The original incarnations of Amber and her court float in high
orbit above Jupiter, presiding over the huge nexus of dumb matter
trade that is rapidly biting into the available mass of the inner
Jovian system. The trade in reaction mass is brisk, and there are
shipments of diamond/vacuum biphase structures to assemble and
crank down into the lower reaches of the solar system.

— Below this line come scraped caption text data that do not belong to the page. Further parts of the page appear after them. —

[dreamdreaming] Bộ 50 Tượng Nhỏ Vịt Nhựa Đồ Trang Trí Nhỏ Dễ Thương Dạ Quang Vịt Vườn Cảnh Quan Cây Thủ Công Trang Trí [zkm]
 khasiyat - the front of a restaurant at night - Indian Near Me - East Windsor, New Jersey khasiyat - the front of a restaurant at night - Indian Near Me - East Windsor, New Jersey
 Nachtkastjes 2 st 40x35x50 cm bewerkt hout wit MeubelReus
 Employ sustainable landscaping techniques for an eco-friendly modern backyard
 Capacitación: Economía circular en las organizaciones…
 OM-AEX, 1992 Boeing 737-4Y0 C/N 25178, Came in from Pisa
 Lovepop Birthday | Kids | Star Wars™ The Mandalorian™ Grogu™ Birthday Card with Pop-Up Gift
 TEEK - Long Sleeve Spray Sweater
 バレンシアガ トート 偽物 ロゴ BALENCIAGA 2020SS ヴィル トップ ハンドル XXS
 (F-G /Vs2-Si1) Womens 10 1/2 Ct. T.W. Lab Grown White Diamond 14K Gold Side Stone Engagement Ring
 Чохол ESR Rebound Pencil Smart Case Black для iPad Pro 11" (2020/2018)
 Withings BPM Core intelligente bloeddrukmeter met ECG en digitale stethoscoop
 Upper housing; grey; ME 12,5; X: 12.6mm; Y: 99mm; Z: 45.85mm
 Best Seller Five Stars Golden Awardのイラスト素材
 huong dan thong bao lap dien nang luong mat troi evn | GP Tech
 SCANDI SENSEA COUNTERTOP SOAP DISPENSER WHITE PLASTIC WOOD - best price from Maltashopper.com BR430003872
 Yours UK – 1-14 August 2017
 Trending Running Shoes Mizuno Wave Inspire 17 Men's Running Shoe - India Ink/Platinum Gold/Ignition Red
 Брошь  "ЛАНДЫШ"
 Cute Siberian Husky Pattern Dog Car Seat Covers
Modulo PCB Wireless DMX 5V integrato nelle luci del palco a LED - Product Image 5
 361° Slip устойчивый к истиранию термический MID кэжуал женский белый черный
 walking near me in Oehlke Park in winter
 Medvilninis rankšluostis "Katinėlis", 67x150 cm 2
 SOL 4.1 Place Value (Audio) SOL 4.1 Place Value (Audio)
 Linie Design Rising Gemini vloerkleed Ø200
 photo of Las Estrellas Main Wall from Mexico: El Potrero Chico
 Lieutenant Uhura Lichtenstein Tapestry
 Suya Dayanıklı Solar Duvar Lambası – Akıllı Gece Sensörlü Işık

Far below,
skimming the edges of Jupiter’s turbulent cloudscape, a gigantic
glowing figure-of-eight - a five-hundred-kilometer-long loop of
superconducting cable - traces incandescent trails through the gas
giant’s magnetosphere. It’s trading momentum for electrical
current, diverting it into a fly’s eye grid of lasers that beam it
toward Hyundai +4904/[-56]. As long as the original Amber and her
incarnate team can keep it running, the Field Circus can continue
its mission of discovery, but they’re part of the posthuman
civilization evolving down in the turbulent depths of Sol system,
part of the runaway train being dragged behind the out-of-control
engine of history.
Weird new biologies based on complex adaptive matter take shape in
the sterile oceans of Titan. In the frigid depths beyond Pluto,
supercooled boson gases condense into impossible dreaming
structures, packaged for shipping inward to the fast-thinking core.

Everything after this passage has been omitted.